(RECORD EXCERPTS Opens)

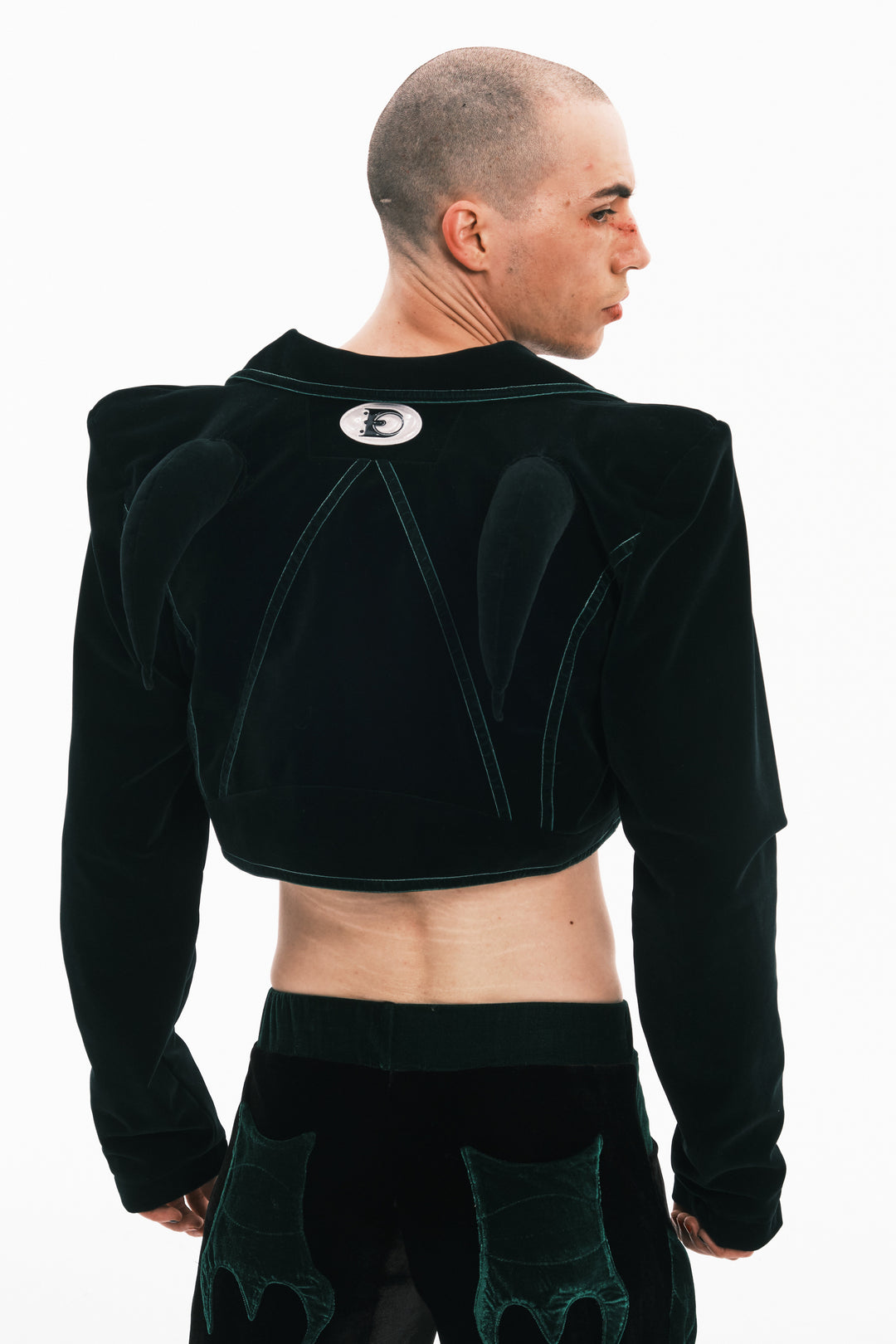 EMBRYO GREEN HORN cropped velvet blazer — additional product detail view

(RECORD EXCERPTS Closes)
(RECORD EXCERPTS Opens)

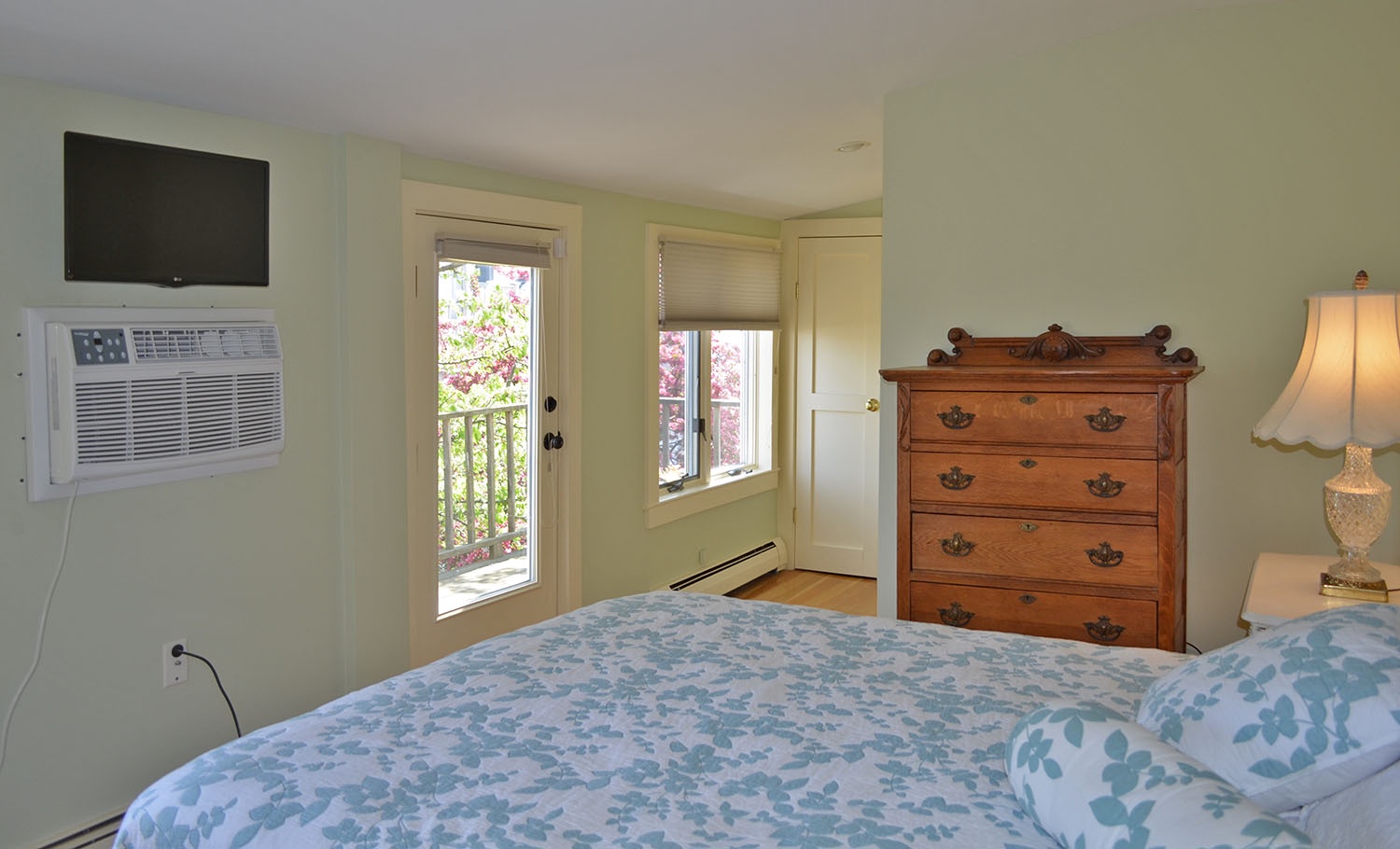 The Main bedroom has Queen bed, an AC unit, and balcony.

(RECORD EXCERPTS Closes)
(RECORD EXCERPTS Opens)

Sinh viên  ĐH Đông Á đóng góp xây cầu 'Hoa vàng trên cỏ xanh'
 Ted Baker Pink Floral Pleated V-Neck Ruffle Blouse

(RECORD EXCERPTS Closes)

#### WHAT YOU ARE ASKED TO DO
For the material above, reproduce exactly the lines from the line with "trên cỏ xanh'" to the line with "Ted Baker Pink", inclusive, and exclude all others.

#### SOLUTION TO THE EXERCISE
Sinh viên  ĐH Đông Á đóng góp xây cầu 'Hoa vàng trên cỏ xanh'
 Ted Baker Pink Floral Pleated V-Neck Ruffle Blouse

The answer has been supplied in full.